Elle se dessinait nettement sur les courbes des instituts de sondages, la vague républicaine qui a déferlé sur le Capitole n’a fait mentir aucun pronostic, épargnant quelques Démocrates, parmi lesquels Keith Ellison, 51 ans, le premier Afro-américain de confession musulmane à siéger dans son enceinte en 2006, lui a vaillamment résisté dans le Minnesota.

Réélu dans un fauteuil pour sa plus grande joie, ce champion du progressisme et ardent avocat des minorités avait fourbi ses arguments pour livrer une âpre bataille, dont l’issue lui semblait plus que jamais incertaine, redoutant que les urnes ne sanctionnent une politique étrangère Obamanienne va-t-en-guerre, avec laquelle il avait pris ses distances.

Converti à l’islam à l’âge de 19 ans, Keith Ellison n’appartient pas à cette trempe de parlementaires serviles et pusillanimes, qui obéissent le doigt sur la couture du pantalon et ménagent leur pré carré. Après avoir créé l’événement lors de sa première intronisation en prêtant serment sur le Coran, et non sur la Bible, cet expert du droit constitutionnel ne s’est jamais auto-muselé pour critiquer le bellicisme de Washington, clamant son opposition à la guerre en Irak et alertant sur les effets délétères sur l'opinion de la guerre permanente livrée contre l’ISIS avec la même force.
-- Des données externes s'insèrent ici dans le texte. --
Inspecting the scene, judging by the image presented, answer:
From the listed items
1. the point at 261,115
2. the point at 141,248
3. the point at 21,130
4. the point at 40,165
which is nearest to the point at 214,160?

"Cette élection de mi-mandat est le plus grand défi politique de ma carrière. Je pense que l’ISIS représente une menace, mais je crois aussi que le recours systématique aux moyens militaires n’est pas la solution", déclarait-il fébrile, quelques jours avant ce 4 novembre fatidique. "Pour nous, musulmans, la décision de Barack Obama de bombarder l’ISIS en Irak et en Syrie a nui considérablement à l’image de notre communauté, la stigmatisant davantage encore. Il faudrait appuyer là où ça fait mal, notamment en empêchant l’ISIS de vendre du pétrole, en coupant ses flux financiers, en bloquant le passage par la Turquie ou les pays voisins à ses recrues potentielles", insistait-il alors.
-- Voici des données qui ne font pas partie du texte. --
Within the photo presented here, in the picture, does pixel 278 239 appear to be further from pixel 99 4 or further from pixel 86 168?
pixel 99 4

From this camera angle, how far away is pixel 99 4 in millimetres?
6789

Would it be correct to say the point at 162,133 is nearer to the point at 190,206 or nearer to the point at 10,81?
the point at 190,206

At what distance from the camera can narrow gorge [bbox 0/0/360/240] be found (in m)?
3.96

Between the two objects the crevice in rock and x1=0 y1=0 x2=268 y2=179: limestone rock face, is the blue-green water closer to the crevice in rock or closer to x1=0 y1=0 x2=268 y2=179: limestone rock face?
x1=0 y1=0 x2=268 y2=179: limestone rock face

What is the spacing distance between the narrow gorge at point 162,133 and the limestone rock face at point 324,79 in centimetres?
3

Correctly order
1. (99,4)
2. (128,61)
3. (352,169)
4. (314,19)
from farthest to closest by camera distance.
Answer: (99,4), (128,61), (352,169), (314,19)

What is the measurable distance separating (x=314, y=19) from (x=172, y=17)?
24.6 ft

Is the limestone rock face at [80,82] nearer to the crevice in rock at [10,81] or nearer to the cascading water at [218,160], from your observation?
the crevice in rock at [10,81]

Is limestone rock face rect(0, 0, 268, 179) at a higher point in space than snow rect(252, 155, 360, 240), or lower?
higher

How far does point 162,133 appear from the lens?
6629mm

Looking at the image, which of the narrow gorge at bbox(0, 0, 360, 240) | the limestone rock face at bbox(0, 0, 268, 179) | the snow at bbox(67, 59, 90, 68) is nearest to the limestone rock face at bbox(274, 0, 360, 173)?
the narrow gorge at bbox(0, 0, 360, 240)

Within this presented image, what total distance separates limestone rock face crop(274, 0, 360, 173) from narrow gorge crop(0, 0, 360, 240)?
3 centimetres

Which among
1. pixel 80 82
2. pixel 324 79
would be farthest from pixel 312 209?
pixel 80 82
"Nous devons dire à nos jeunes, s'ils veulent faire quelque chose de bon et de constructif pour leur foi, que ce n’est pas en prenant les armes dans les rangs d'une puissance étrangère, mais que c'est en étant utiles ici, en Amérique, auprès de leur communauté, des plus pauvres, des plus déshérités. Ils ont besoin d’être valorisés en s’impliquant dans la vie civique américaine, tout en conservant leur libre arbitre et leur attachement à leurs valeurs. Il faut qu’ils se convainquent d’utiliser les droits que leur confère le premier amendement de notre Constitution", a martelé Keith Ellison tout au long d’une campagne menée en plein coeur du Minnesota, ayant eu raison de miser sur la mobilisation de ses coreligionnaires, acquis à 69 % aux Démocrates envers et contre tout, pour le reconduire dans l’hémicycle de la Chambre des Représentants.